_Exercise description:_
Find the string "Online" in the listing and report every line that has it.

========================================================================

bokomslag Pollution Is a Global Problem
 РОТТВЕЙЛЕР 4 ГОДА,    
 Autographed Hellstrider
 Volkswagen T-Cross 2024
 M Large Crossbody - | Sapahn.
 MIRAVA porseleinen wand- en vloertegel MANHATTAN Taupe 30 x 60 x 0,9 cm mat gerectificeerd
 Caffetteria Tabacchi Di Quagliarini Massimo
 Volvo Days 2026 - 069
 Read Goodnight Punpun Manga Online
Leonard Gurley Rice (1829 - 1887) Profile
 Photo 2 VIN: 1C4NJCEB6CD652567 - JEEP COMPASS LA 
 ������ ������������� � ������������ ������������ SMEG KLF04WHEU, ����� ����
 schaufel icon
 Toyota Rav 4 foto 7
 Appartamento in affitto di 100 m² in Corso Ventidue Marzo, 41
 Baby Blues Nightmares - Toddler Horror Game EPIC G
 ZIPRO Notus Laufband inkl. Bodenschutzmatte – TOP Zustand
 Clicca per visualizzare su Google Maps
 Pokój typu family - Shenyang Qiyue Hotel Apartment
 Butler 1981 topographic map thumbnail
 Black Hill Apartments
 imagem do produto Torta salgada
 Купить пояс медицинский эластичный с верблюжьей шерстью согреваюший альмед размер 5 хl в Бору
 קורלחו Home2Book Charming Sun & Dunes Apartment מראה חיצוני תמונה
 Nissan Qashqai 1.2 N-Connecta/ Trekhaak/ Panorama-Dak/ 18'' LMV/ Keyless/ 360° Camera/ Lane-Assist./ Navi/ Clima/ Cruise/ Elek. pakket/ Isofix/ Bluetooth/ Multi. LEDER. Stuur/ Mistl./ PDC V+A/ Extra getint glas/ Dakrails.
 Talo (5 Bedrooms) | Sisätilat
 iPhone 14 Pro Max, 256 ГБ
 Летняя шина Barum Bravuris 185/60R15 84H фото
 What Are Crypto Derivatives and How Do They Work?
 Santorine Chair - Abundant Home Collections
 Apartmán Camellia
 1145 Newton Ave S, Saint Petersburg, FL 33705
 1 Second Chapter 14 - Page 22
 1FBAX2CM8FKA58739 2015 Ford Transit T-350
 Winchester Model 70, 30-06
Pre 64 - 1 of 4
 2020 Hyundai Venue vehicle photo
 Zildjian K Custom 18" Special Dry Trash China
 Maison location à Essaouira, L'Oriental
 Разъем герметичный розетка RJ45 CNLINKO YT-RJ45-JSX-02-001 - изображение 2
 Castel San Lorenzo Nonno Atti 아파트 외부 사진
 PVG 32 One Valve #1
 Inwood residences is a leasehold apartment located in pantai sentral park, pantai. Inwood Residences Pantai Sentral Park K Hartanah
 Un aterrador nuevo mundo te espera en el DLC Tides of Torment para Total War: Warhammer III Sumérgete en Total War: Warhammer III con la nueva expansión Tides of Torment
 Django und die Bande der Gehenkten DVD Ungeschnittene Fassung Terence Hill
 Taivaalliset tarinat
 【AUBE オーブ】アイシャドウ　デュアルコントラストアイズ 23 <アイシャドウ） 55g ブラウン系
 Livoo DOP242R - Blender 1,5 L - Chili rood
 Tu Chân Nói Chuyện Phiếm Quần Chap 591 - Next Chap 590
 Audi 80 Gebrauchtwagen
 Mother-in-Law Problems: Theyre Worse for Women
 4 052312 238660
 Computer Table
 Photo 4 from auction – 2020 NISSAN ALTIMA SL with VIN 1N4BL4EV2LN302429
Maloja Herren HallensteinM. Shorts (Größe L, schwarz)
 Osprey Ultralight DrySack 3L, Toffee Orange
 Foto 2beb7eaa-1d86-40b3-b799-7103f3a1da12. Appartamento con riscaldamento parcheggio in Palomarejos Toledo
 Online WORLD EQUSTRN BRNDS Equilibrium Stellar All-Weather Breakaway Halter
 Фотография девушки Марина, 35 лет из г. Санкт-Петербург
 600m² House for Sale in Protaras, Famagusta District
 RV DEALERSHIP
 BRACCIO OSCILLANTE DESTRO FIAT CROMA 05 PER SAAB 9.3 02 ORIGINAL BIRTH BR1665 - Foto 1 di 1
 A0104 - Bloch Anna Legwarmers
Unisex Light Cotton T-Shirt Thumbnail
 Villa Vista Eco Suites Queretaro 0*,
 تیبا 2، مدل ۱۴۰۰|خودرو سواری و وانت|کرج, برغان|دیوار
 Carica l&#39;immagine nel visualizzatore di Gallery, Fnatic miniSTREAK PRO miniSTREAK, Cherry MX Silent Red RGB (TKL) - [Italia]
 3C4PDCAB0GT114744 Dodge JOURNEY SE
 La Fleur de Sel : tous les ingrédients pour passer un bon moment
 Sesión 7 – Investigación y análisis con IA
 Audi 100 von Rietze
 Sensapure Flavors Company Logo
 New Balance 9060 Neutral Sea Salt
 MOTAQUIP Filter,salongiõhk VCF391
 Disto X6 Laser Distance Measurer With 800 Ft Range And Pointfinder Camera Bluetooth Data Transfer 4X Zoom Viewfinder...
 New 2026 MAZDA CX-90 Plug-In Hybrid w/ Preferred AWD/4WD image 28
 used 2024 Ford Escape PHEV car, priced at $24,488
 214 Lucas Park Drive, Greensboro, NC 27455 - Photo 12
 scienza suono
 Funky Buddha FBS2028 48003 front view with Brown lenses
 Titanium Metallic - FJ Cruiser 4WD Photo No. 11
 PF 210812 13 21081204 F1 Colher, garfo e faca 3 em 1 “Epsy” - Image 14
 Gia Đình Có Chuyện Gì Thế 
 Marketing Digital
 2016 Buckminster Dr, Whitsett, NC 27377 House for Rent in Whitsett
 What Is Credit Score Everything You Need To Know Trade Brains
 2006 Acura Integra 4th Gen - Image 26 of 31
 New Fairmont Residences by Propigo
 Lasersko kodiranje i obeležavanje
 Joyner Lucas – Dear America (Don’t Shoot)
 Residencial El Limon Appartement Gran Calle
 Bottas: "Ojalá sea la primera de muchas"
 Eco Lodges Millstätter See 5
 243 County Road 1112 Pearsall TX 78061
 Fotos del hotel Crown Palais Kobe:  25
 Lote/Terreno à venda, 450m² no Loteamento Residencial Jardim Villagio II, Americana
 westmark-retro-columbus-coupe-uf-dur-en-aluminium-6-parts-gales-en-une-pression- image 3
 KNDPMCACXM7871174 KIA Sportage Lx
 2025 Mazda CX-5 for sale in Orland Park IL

========================================================================

_Output of the task:_
 Read Goodnight Punpun Manga Online
 Online WORLD EQUSTRN BRNDS Equilibrium Stellar All-Weather Breakaway Halter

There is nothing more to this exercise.